Below are records with pictures. Transcribe exactly, and only, the lines from the line with "BILLA Изворна вода" to the line with "Pikachu 020/M-P McDonald's", both ends included, but not the pictures.

Given data
== == ==
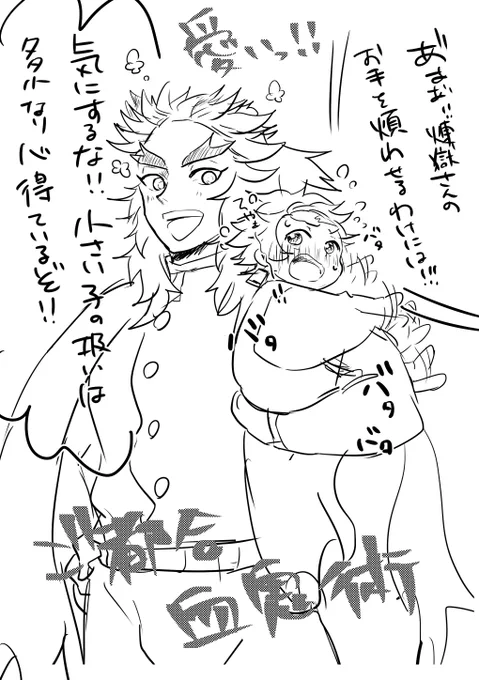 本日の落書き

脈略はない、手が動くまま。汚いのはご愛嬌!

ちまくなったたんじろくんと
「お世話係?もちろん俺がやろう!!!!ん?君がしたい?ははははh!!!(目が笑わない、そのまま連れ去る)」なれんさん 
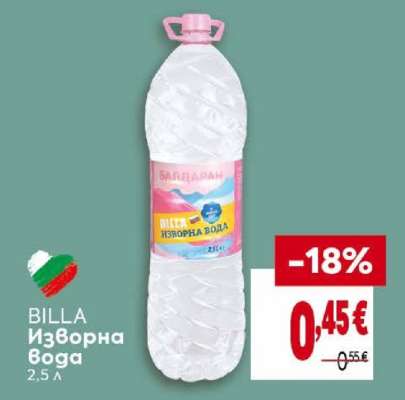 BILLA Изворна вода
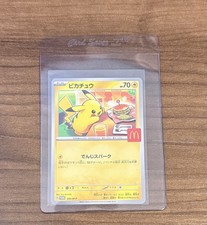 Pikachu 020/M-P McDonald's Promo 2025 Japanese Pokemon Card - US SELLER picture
== == ==
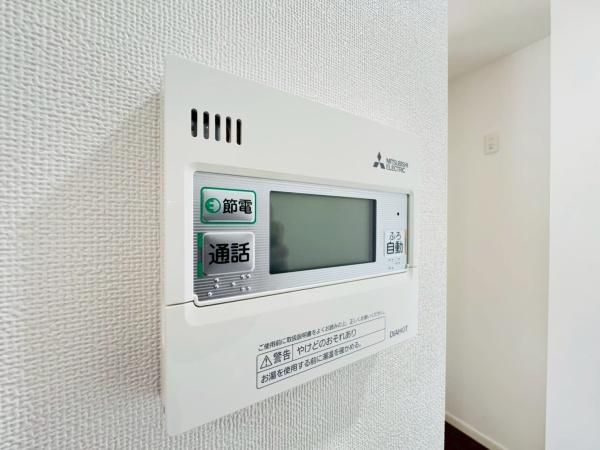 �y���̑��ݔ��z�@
== == ==
Expected answer
 BILLA Изворна вода
 Pikachu 020/M-P McDonald's Promo 2025 Japanese Pokemon Card - US SELLER picture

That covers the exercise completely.